◆ **TASK DESCRIPTION**: Beginning with the line that contains "241 S Equestrian Court, Gilbert, AZ 85296", reproduce the remaining lines of the material exactly, up to and including the last one, but no pictures.

◆ **DATA BELOW**:
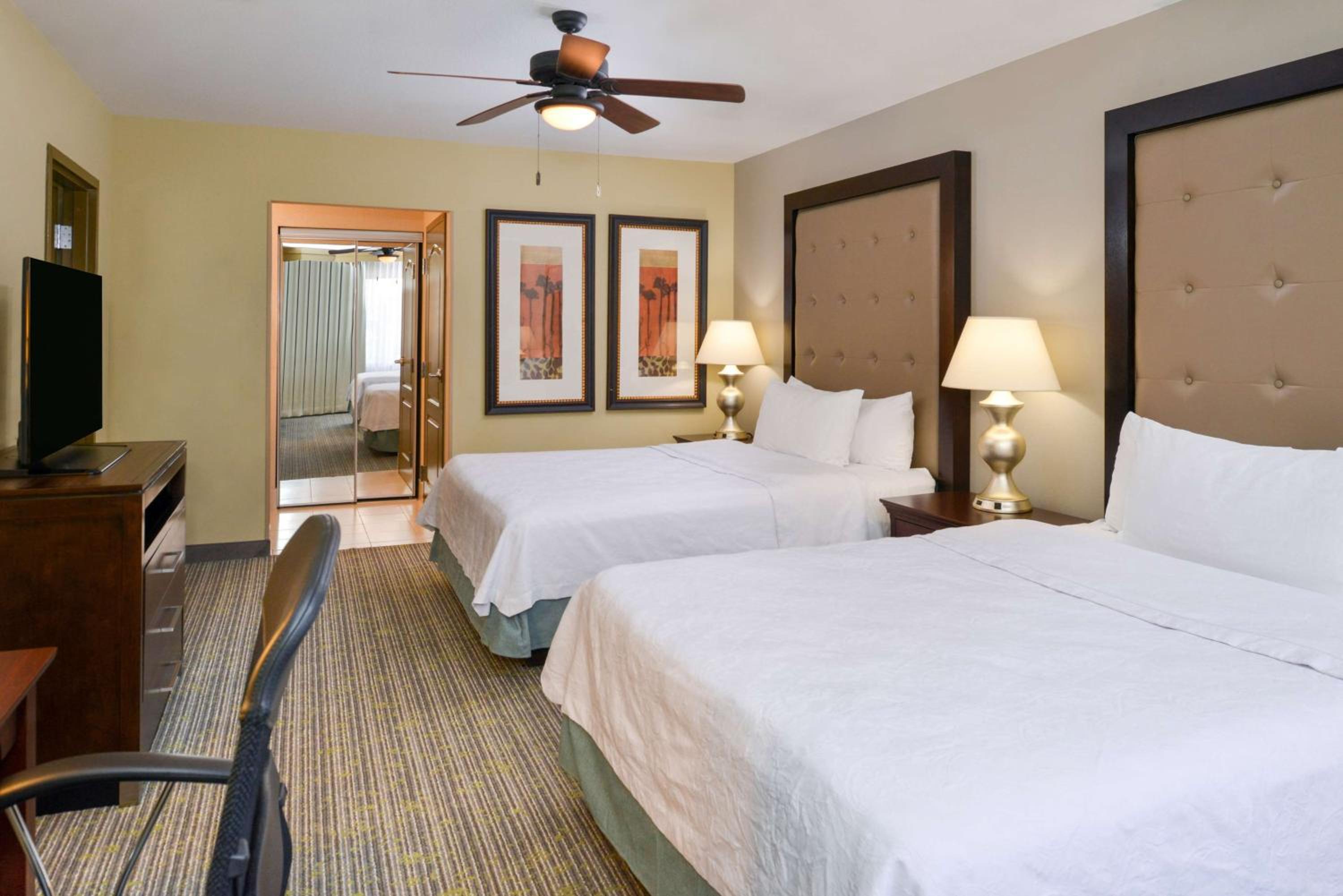 King Suite with Two Queens - Mobility/Hearing Accessible with Bathtub - Non-Smoking  - Photo 1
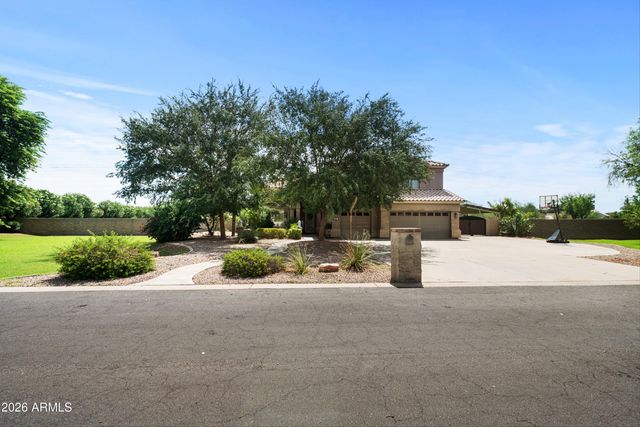 241 S Equestrian Court, Gilbert, AZ 85296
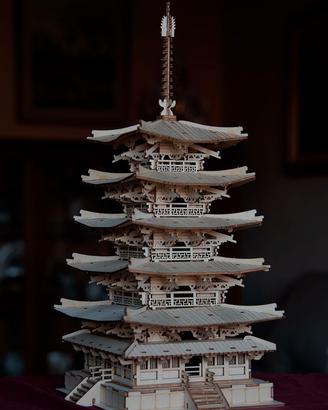 Pagoda a cinque piani in legno, in 3D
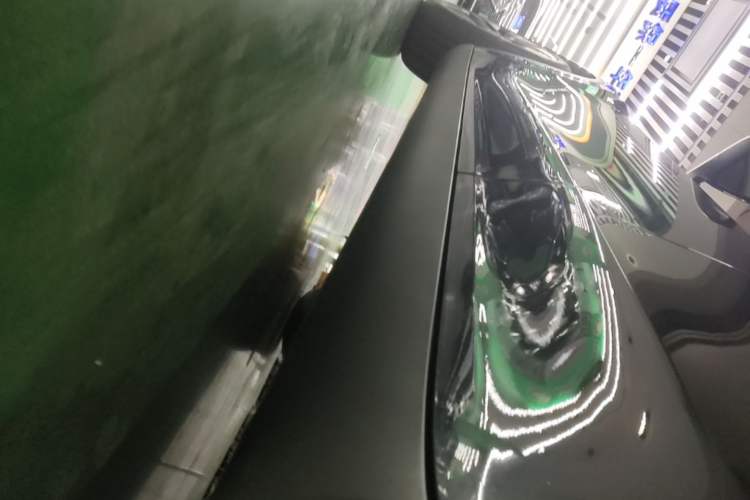 Used Tesla Model Y 2024 Long-Range All-Wheel-Drive Version Left Side Sill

◆ **EXERCISE RESPONSE**:
 241 S Equestrian Court, Gilbert, AZ 85296
 Pagoda a cinque piani in legno, in 3D
 Used Tesla Model Y 2024 Long-Range All-Wheel-Drive Version Left Side Sill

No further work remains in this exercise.